Dataset excerpts:
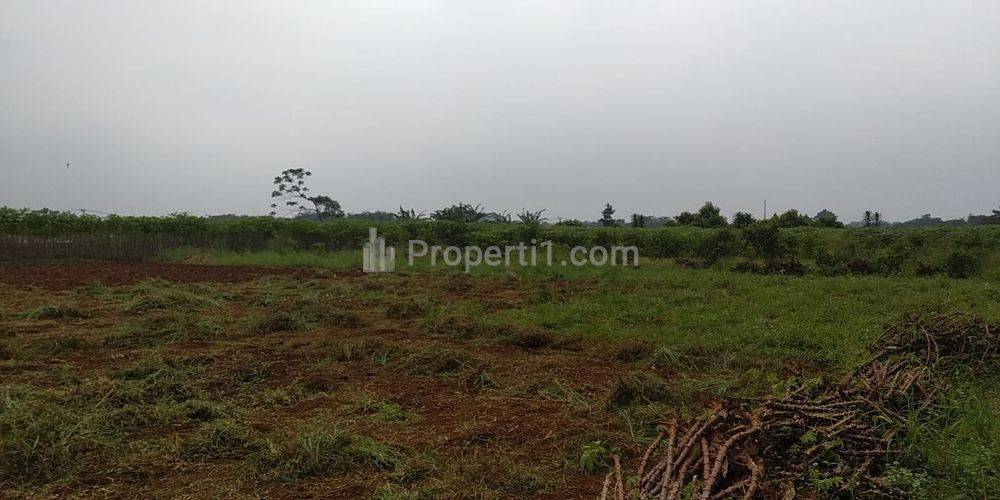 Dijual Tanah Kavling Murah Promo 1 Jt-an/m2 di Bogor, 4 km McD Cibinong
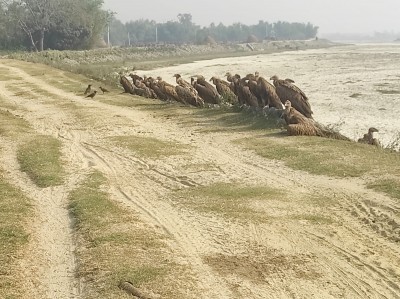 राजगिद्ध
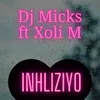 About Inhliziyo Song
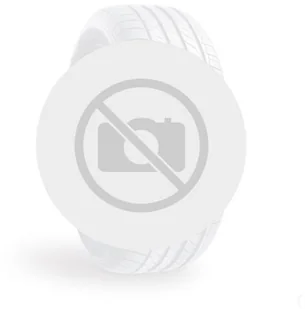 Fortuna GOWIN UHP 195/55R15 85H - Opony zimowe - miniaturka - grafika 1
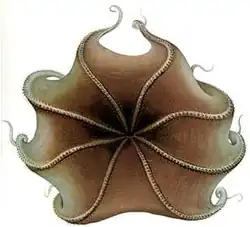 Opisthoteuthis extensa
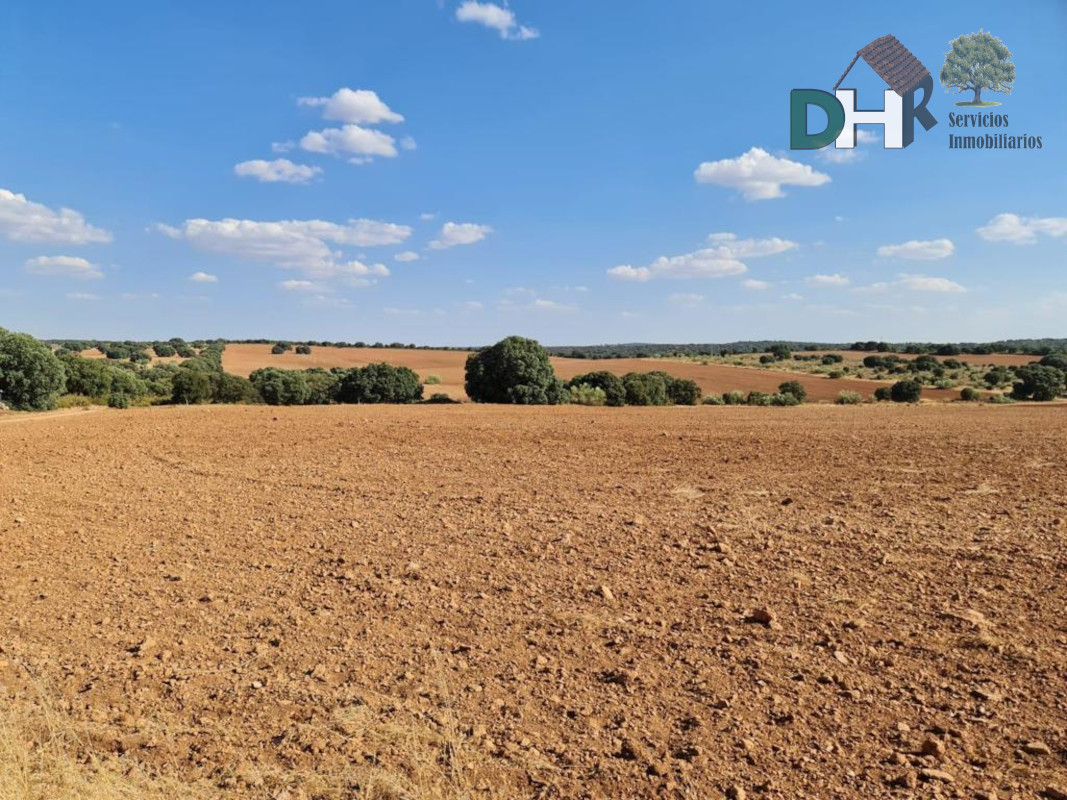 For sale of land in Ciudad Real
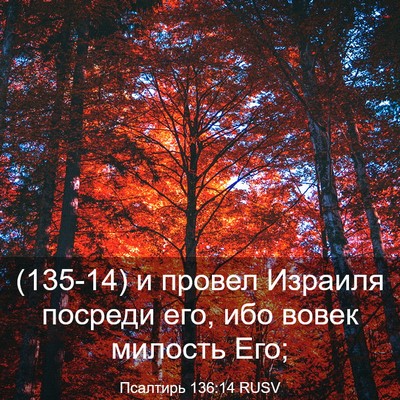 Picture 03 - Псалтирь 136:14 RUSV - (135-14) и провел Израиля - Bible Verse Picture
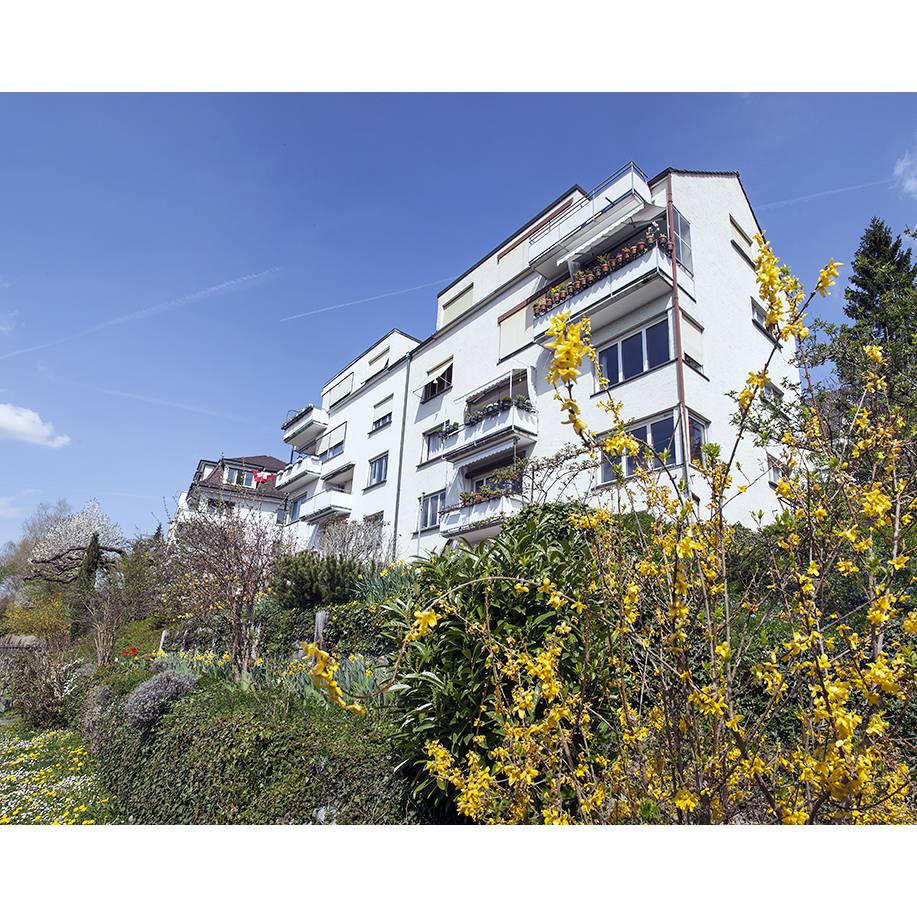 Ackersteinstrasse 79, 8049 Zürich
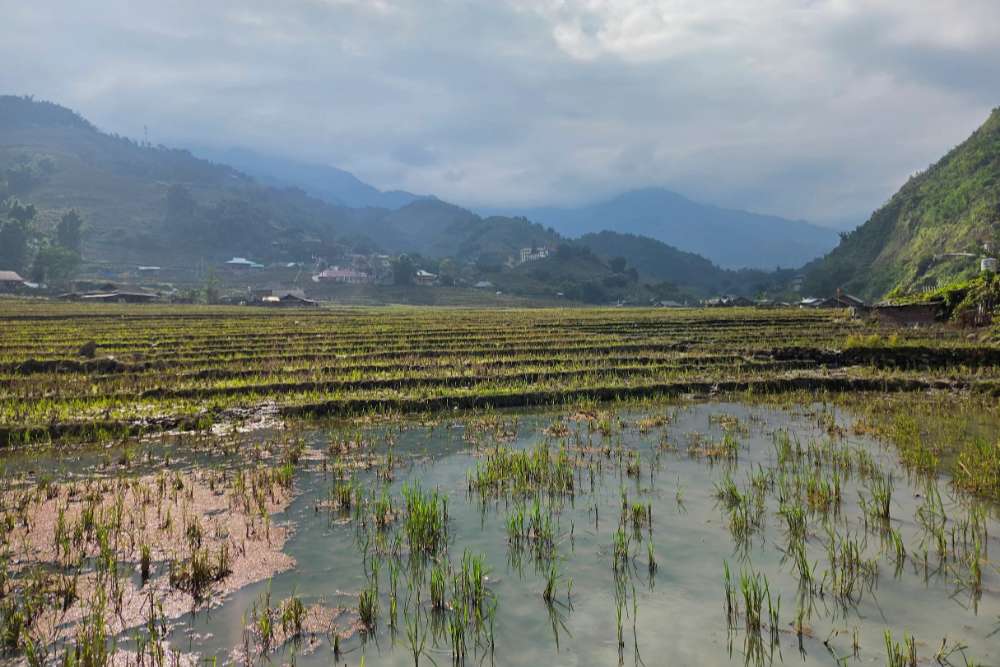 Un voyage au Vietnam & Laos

* * *

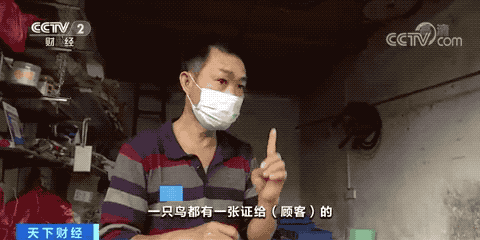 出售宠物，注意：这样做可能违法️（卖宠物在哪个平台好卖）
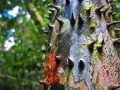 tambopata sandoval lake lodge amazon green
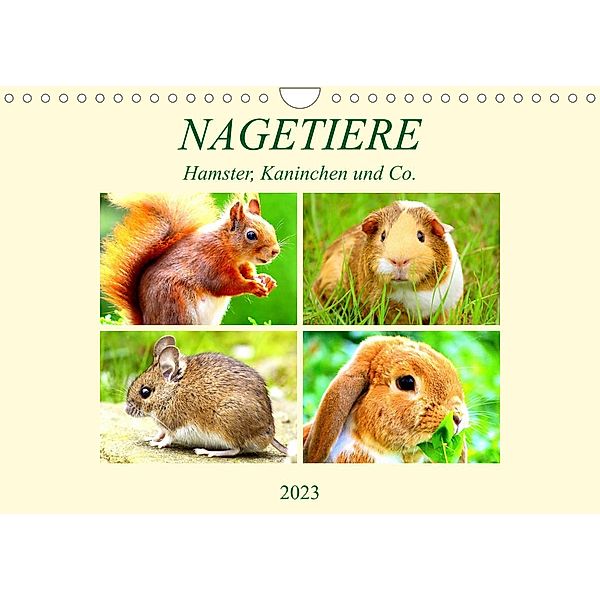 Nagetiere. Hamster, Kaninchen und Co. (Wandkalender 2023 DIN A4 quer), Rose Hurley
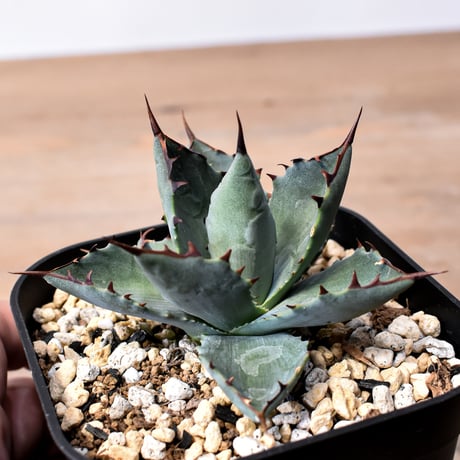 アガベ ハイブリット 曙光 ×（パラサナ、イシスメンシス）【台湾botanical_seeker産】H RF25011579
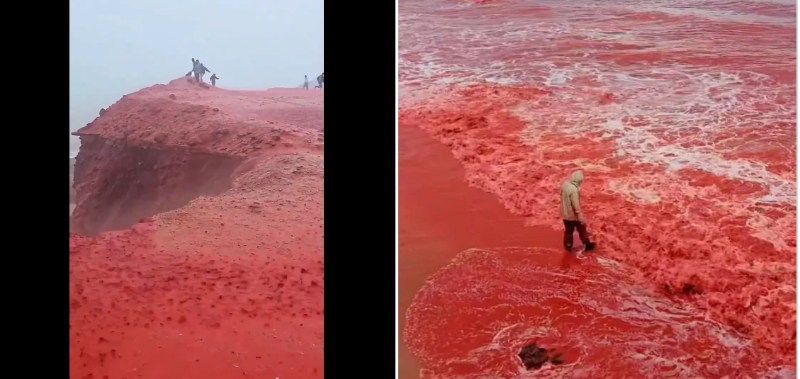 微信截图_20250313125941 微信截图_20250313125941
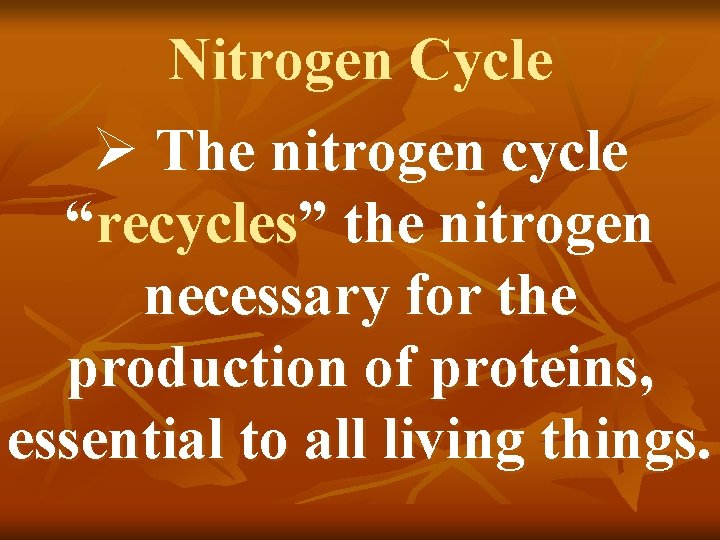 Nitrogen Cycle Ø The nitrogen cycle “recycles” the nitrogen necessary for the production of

Your objective: Transcribe only this stretch of the data: the line with "微信截图_20250313125941 微信截图_20250313125941", the line with "Nitrogen Cycle Ø", and every line in between. Leave out the pictures.

Result of the task:
 微信截图_20250313125941 微信截图_20250313125941
 Nitrogen Cycle Ø The nitrogen cycle “recycles” the nitrogen necessary for the production of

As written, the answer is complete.